Workers compensation laws are already complex. The law becomes even more nuanced when a workers comp claim concerns an on-the-job sport’s injury.

Poorer Pros 

The stars are taken care of. When an athlete earning seven or eight figures a year gets injured, they don’t have to worry. They continue to get paid. Maybe even more significantly, they receive top-notch medical care. 

Like everything, pro sports has a hierarchy. How a workers compensation claim is handled affects those at the bottom far more than those at the top. Minor league baseball stars can earn less than cashiers. A player on an NFL practice squad gets around $7,000 a week. That’s a decent amount of scratch –– unless they suffer a career-ending injury their first month.

Workers compensation has two main components. The first deals with income. It covers wages that are lost when an employee is harmed while performing a job-related function. If a player is awarded benefits, they receive the difference between their pre and post-injury wages. So, a pro athlete with guaranteed earnings probably wouldn’t qualify. For lower-earning players, it isn’t a windfall either. Although it varies from state to state, the payment is usually capped at around $1,000 a week. Often, the people making claims are retired or otherwise no longer on a team’s payroll. 
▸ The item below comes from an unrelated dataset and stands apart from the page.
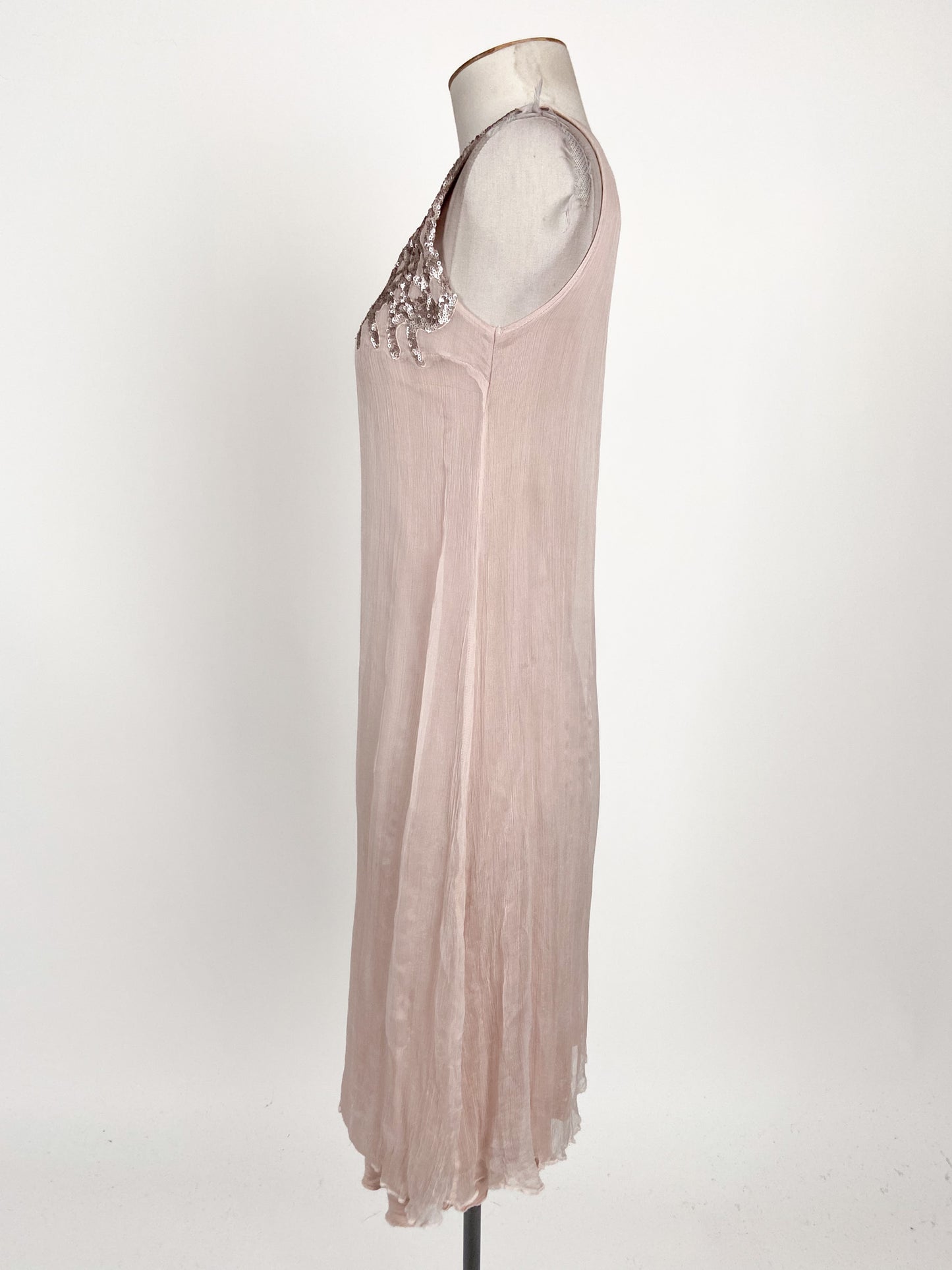 Patrizia Dini | Pink Cocktail Dress | Size XS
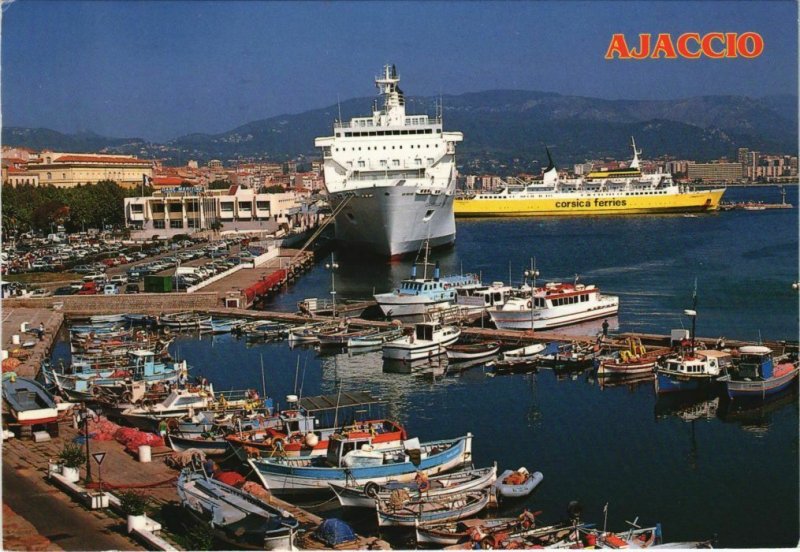 CPM AJACCIO Le Port CORSICA (1088283)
The other component of workers compensation focuses on medical benefits. This can include everything from the cost of surgery to home-health care. Here again, a top athlete wouldn’t need this as pro players participate in platinum insurance plans –– and team owners shell out millions every year to make sure they are well taken care of. 

Again, it’s the lower-earning player, often with a fairly short pro career who needs the help. In many cases, the medical benefits are the primary reason an athlete wants workers compensation.

Complex Cases

Most injuries are obvious; a busted knee, torn rotator cuff, or some sort of on-the-field trauma is clear to doctors and fans alike. However, some injuries take time to reveal themselves. Often, players keep playing unaware of the extent of the damage. 

Concussions have been a heavily discussed topic over the last decade. Players who suffered multiple head injuries in their twenties often didn’t feel the full effects until they were in their forties or fifties. Some suffered dementia or psychological issues. As part of a settlement with the NFL, many received medical care along with financial compensation.

The great majority of injured athletes aren’t part of a settlement. They have to go it alone. Unfortunately, many states have laws disqualifying most claims by pro athletes. California won’t allow pros to file in the state if they have no work history there. Both Massachusetts and Florida don’t consider them employees –– which means they can’t file a claim. In Illinois, benefits end for players at age 35.

That’s just one reason pro athletes hoping to win a claim should hire someone who has dealt with this speciality before –– like the experienced lawyers at a workers compensation law firm in Virginia. One strategy is to file a claim where the injury occurred rather than where the player’s team is based. Attorneys also have to overcome prejudice for their profession, as some judges may have a preconceived notion and assume they don’t need help. The key is to file as soon as possible ––  since the statute of limitations can sideline a claim that comes in after the buzzer.